• In 753, the son of Leo, Constantine V, intensified the imperial
rejection of icons, identifying them as idols and aligning them with
both monophysitism and Nestorianism.
o Tarasius, the patriarch of Constantinople, appealed to Pope
Hadrian I, and under Leo IV (775–780), the imperial policy
was reversed.
o In 787, the seventh ecumenical council (the Second Council
of Nicaea) condemned iconoclasm and carefully defined the
proper degrees of veneration due icons.
• Despite these decisions, iconoclasm remained a strong movement,
especially in the army, and in 814, a second iconoclastic controversy
erupted under Leo V, “the Armenian” (775–820), involving the
direct and violent persecution of monks who maintained devotion
to icons and the installation of patriarchs who were iconoclastic.
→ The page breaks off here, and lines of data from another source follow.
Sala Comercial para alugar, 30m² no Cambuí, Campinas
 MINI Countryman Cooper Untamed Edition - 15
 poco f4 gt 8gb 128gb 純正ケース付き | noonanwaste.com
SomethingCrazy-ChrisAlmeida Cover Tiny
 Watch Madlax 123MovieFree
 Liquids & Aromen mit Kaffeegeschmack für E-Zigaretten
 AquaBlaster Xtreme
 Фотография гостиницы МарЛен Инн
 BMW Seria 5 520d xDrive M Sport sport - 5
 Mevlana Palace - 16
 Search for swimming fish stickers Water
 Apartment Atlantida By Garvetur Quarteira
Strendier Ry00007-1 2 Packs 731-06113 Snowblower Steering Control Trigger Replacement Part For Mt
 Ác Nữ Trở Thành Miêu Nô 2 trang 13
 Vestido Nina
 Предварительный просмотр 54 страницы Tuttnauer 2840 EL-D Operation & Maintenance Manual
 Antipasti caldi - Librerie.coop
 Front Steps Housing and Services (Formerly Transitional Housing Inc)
• The persecution continued until the death of the iconoclastic
emperor Theophilus in 842. His widow, acting as regent, installed
Methodius as the patriarch and ended the iconoclastic terror.
• Although iconoclasm was a distinctively Eastern issue, it had an
indirect and significant impact on Western Christianity.
o A mistranslation of the acts of the Second Council of Nicaea
led Frankish bishops to think that the “worship” of idols had
been sanctioned, and they eventually condemned the council
at the synod of Frankfurt in 794 and at a meeting of bishops in
Paris in 828.
o Only the work of several Latin theologians and the steadfast
stance of the papacy led to a gradual acceptance of the Second
Council of Nicaea in the West.
o This misunderstanding, however, is usually taken to be one of
the decisive elements in the eventual schism between Greek and
Latin Christianity—along with the object lesson learned from the
rampant caesaropapism revealed in the iconoclasm controversy.